When you reach the line that contains "Sapatos bebê criança", begin copying exactly and continue through the last line below. Do not copy pictures.

## Supplied material
──────
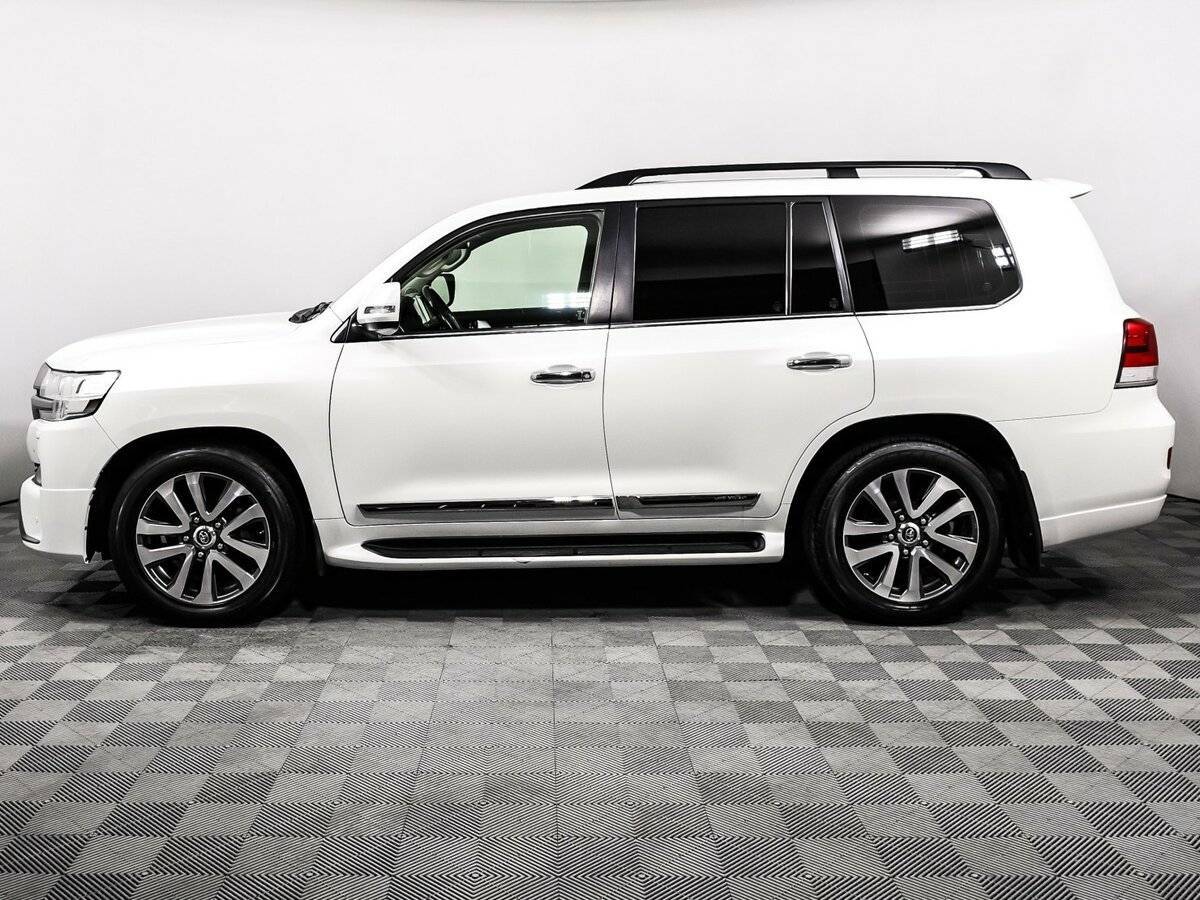 Toyota Land Cruiser с пробегом — 2016 год. Фото: #7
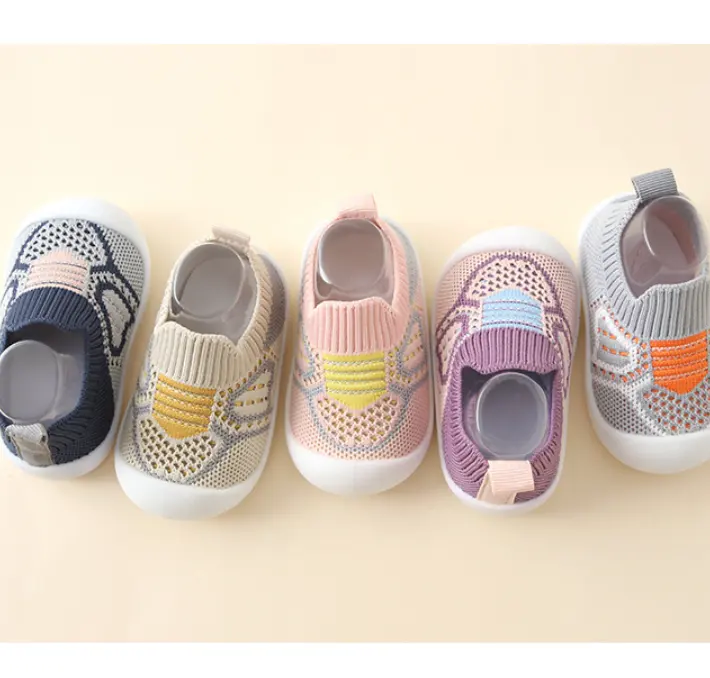 Sapatos bebê criança macios antiderrapante, sapatos infantis primavera e outono de crianças meias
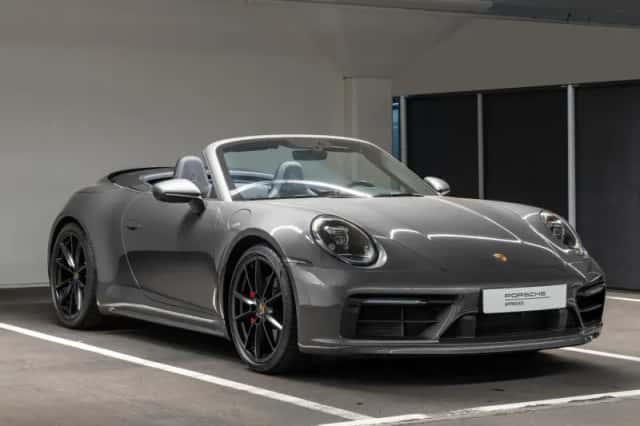 Porsche 911 (2020) thumbnail 5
──────
## Task answer
 Sapatos bebê criança macios antiderrapante, sapatos infantis primavera e outono de crianças meias
 Porsche 911 (2020) thumbnail 5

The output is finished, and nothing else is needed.